__What is expected__
Do not include the pictures; repeat the rest of the data exactly.

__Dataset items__
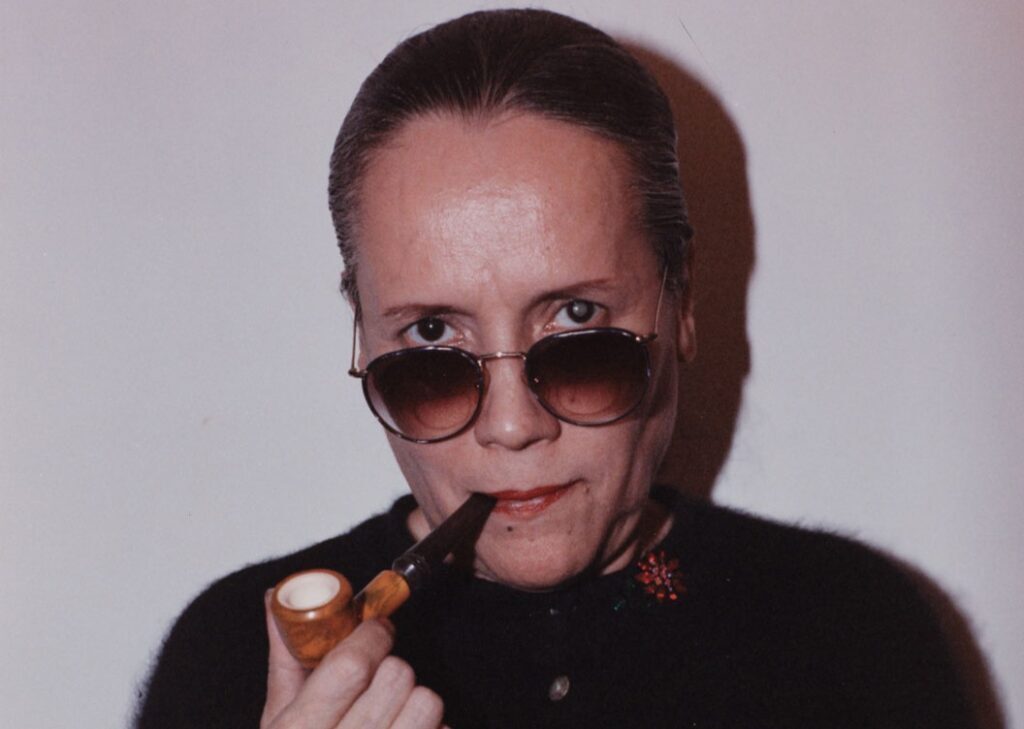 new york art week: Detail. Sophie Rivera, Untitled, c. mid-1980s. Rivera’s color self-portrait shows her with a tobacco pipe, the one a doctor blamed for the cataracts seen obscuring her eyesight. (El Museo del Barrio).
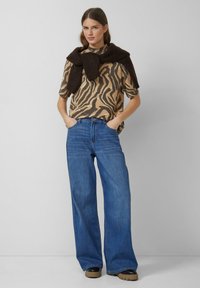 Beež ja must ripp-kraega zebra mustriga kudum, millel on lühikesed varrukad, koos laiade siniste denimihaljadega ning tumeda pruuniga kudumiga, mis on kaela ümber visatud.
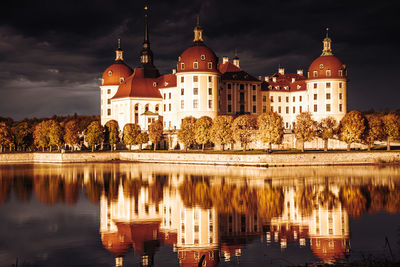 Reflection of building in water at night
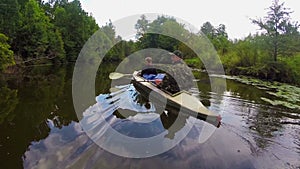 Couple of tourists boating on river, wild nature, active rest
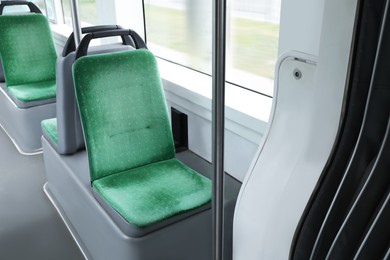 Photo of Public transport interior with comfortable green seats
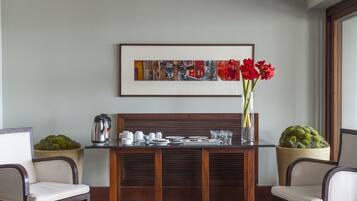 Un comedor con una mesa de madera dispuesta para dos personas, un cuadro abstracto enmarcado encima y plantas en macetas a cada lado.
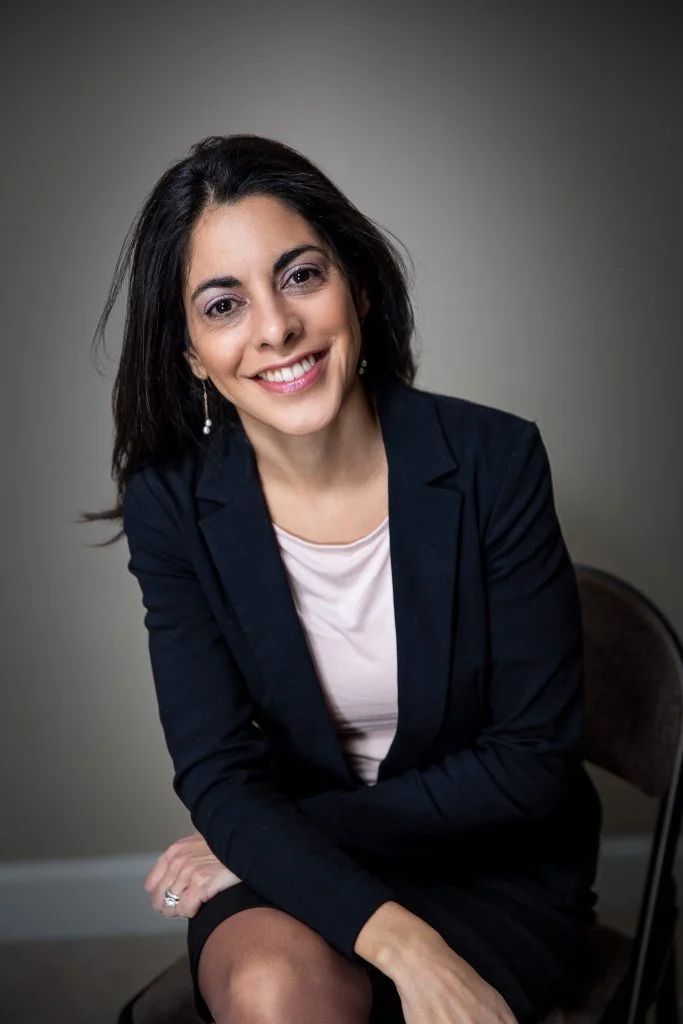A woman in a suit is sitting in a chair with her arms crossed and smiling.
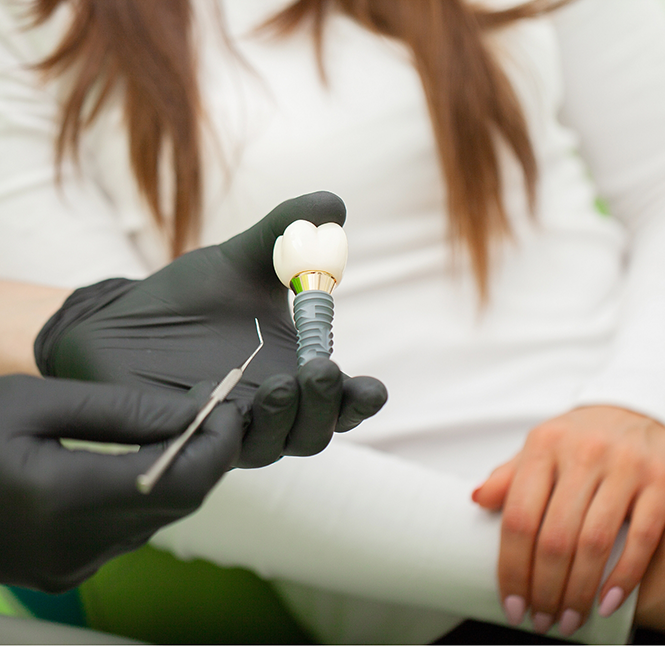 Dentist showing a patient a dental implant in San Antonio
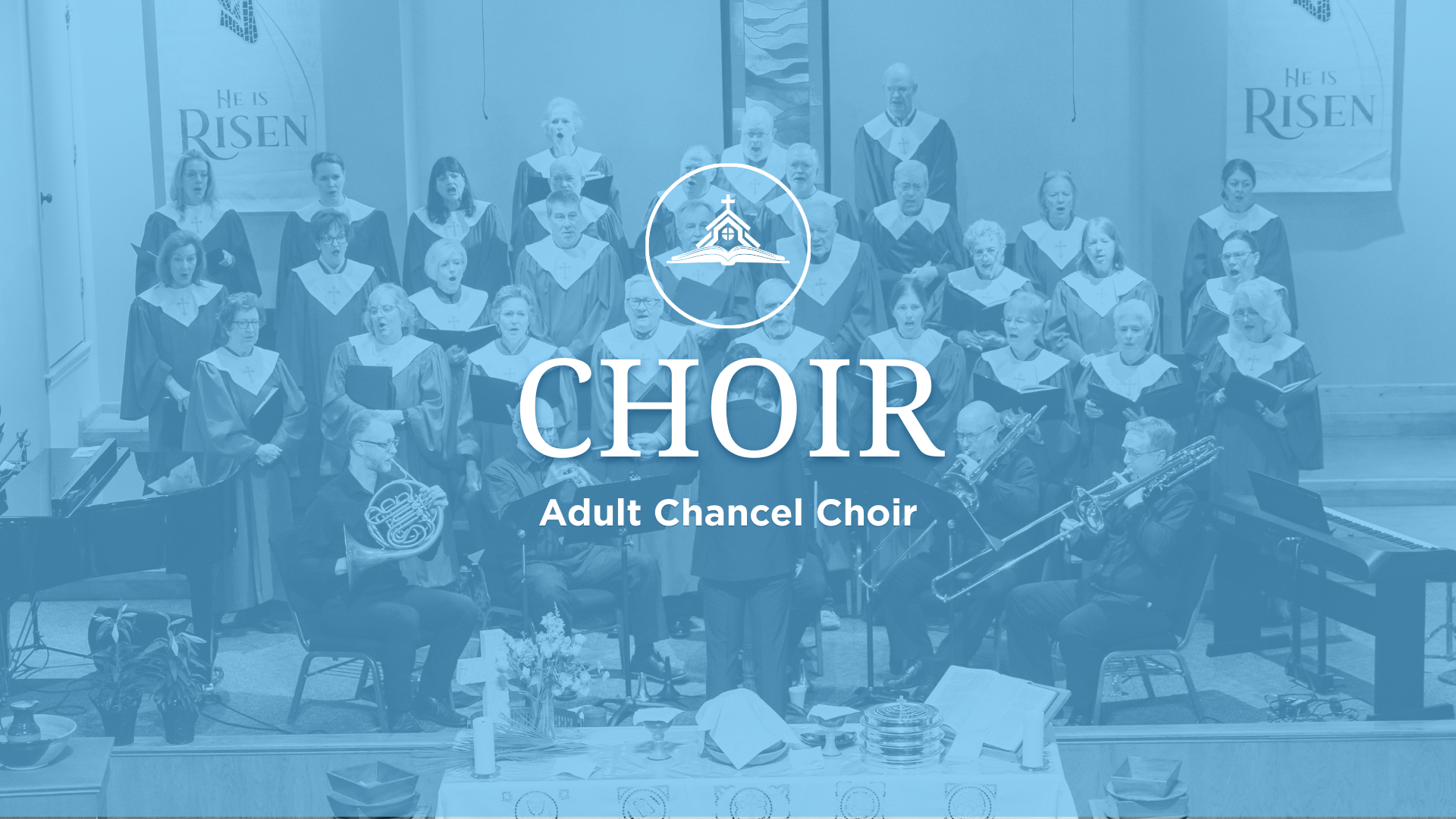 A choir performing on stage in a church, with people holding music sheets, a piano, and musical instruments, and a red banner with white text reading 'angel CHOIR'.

__Exercise result__
 new york art week: Detail. Sophie Rivera, Untitled, c. mid-1980s. Rivera’s color self-portrait shows her with a tobacco pipe, the one a doctor blamed for the cataracts seen obscuring her eyesight. (El Museo del Barrio).
 Beež ja must ripp-kraega zebra mustriga kudum, millel on lühikesed varrukad, koos laiade siniste denimihaljadega ning tumeda pruuniga kudumiga, mis on kaela ümber visatud.
 Reflection of building in water at night
 Couple of tourists boating on river, wild nature, active rest
 Photo of Public transport interior with comfortable green seats
 Un comedor con una mesa de madera dispuesta para dos personas, un cuadro abstracto enmarcado encima y plantas en macetas a cada lado.
A woman in a suit is sitting in a chair with her arms crossed and smiling.
 Dentist showing a patient a dental implant in San Antonio
 A choir performing on stage in a church, with people holding music sheets, a piano, and musical instruments, and a red banner with white text reading 'angel CHOIR'.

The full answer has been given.